* _WORK TO COMPLETE_:
For the entries that follow, restate word for word the line containing "ダイキャスト製飛行機模型を飾るケースを購入 : クローゼットの中の", the line containing "BOLU'DA VOLEYBOL COŞKUSU DEVAM EDİYOR", and every line that lies between them.

* _SUPPLIED RECORDS_:

● ● ●

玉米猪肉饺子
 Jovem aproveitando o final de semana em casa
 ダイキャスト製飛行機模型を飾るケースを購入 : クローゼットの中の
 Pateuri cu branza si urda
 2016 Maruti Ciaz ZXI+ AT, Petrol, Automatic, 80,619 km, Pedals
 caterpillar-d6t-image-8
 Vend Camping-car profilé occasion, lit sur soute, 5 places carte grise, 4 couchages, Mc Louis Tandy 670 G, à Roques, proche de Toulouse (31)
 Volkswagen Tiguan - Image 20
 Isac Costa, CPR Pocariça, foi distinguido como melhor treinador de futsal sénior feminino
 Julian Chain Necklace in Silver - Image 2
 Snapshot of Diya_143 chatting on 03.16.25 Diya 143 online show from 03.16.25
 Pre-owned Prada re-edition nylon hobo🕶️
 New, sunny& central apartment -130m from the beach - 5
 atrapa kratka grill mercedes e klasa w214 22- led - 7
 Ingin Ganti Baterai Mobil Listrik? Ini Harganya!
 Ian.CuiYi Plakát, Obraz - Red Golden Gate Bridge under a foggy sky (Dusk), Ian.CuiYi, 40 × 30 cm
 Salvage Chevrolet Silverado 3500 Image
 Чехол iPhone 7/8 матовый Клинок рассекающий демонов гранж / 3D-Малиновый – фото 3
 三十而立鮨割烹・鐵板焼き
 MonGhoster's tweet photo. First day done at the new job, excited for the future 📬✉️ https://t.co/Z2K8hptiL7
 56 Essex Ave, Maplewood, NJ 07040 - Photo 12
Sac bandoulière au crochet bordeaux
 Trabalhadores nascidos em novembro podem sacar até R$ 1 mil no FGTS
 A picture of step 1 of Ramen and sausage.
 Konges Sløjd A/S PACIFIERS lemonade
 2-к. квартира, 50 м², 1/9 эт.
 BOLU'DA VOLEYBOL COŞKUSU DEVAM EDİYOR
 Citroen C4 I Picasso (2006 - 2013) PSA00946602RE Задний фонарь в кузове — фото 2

● ● ●

* _REPLY TO THE TASK_:
 ダイキャスト製飛行機模型を飾るケースを購入 : クローゼットの中の
 Pateuri cu branza si urda
 2016 Maruti Ciaz ZXI+ AT, Petrol, Automatic, 80,619 km, Pedals
 caterpillar-d6t-image-8
 Vend Camping-car profilé occasion, lit sur soute, 5 places carte grise, 4 couchages, Mc Louis Tandy 670 G, à Roques, proche de Toulouse (31)
 Volkswagen Tiguan - Image 20
 Isac Costa, CPR Pocariça, foi distinguido como melhor treinador de futsal sénior feminino
 Julian Chain Necklace in Silver - Image 2
 Snapshot of Diya_143 chatting on 03.16.25 Diya 143 online show from 03.16.25
 Pre-owned Prada re-edition nylon hobo🕶️
 New, sunny& central apartment -130m from the beach - 5
 atrapa kratka grill mercedes e klasa w214 22- led - 7
 Ingin Ganti Baterai Mobil Listrik? Ini Harganya!
 Ian.CuiYi Plakát, Obraz - Red Golden Gate Bridge under a foggy sky (Dusk), Ian.CuiYi, 40 × 30 cm
 Salvage Chevrolet Silverado 3500 Image
 Чехол iPhone 7/8 матовый Клинок рассекающий демонов гранж / 3D-Малиновый – фото 3
 三十而立鮨割烹・鐵板焼き
 MonGhoster's tweet photo. First day done at the new job, excited for the future 📬✉️ https://t.co/Z2K8hptiL7
 56 Essex Ave, Maplewood, NJ 07040 - Photo 12
Sac bandoulière au crochet bordeaux
 Trabalhadores nascidos em novembro podem sacar até R$ 1 mil no FGTS
 A picture of step 1 of Ramen and sausage.
 Konges Sløjd A/S PACIFIERS lemonade
 2-к. квартира, 50 м², 1/9 эт.
 BOLU'DA VOLEYBOL COŞKUSU DEVAM EDİYOR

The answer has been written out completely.